Oddly enough, Devine’s comment is also contradicted by… Devine’s recent public statements. Here is what he told Bloomberg BNA in a June 12, 2012 article (subscription required, though available in full here) (full disclosure: I work at BNA, though not in the employment division. These are solely my own views):

Tom Devine, legal director at the Government Accountability Project, a Washington, D.C.-based nonprofit that represents federal whistleblowers before the board, told BNA June 7 that, with the exception of the change affecting federal whistleblowers, the MSPB proposed regulations are “stuffed with nuts and bolts changes that would make the board more user-friendly.”

Although the whistleblower provisions will make life more difficult for federal whistleblowers and their legal representatives, Devine said, “it’s difficult to criticize the board for conforming its regulations to clear statutory language, even after an 18-year delay.

“The next step is obvious. When Congress reauthorizes spending for the Merit Systems Protection Board, it should modify the statute,” he said. “There is no excuse for whistleblowers who process claims through OSC to have second-class rights, but the problem is not with the proposed rule—it’s with how Congress wrote the 1994 law.” [Emphasis added.]

Final word: If Devine and AFGE truly feel that 5 C.F.R. 1209.2 is not in accordance with the law (assuming it’s enacted as proposed), they should file suit, challenge it under the Administrative Procedure Act, and let a federal judge look at all the facts and arguments. If that judge finds that 5 C.F.R. 1209.2 was mandated by 5 U.S.C. 7121(g)(3), or is a reasonable interpretation thereof, then I would imagine that Devine and others would seek a legislative change.

Or they could avoid getting exposed by a judge and seek legislative change directly.

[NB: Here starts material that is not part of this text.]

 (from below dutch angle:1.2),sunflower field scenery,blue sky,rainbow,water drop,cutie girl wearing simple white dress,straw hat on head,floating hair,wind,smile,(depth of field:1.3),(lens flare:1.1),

Either way, will Devine and other responsible actors acknowledge their role in this fiasco? Based on his conduct, I wouldn’t bet on it.

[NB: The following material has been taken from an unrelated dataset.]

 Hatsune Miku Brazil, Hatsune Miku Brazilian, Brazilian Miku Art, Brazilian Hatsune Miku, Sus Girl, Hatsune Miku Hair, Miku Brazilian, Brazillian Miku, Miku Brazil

Read more public comments here.

Public advocacy saves whistleblowers from administrative minefield

3:48 pm in Uncategorized by MSPB Watch

Great news out of Congress: legislators in the House of Representatives negotiating the Whistleblower Protection Enhancement Act have decided to scrap the provision that would give the Merit Systems Protection Board summary judgment powers.

Here’s a detailed writeup why this would have been a bad deal for whistleblowers; in short, it would have prejudiced many whistleblowers with agencies’ sophisticated legal maneuvering that would have denied them the ability to tell their side of the story to a third party.

What made this happen? As stated by Tom Devine of the Government Accountability Project, in a community conference call earlier today: sustained public protest.

“Congress heard you,” Devine said.

What lessons can we draw from this? Simply put, public outcry works. Backroom negotiations do not.

Devine also told the community that jury trials are off the table, and Senators Kyl and Sessions are demanding that even if bench trials are introduced, agencies should still have an easier time defeating whistleblower complaints. This is disappointing because the original deal was that if jury trials are introduced, then agencies’ burden of proof is lowered (to preponderance of the evidence), but if bench trials are introduced, the burden of proof stays the same (clear and convincing evidence).

Kyl and Sessions are reneging on their promise.

The already-passed Senate version of the WPEA contains this very compromise: jury trials and preponderance of the evidence standard. The initial House version contained the other compromise: bench trials and clear and convincing evidence standard.

If clear and convincing evidence is good enough for an MSPB judge, it should be good enough for a federal district judge. (It should be also good enough for a jury, but that point’s moot).

Kyl and Sessions should answer why they reneged on their earlier promise.

How do we seek change?

Look to the summary judgment example.

Finally, we should expect Congress to pass the WPEA in September, Devine said.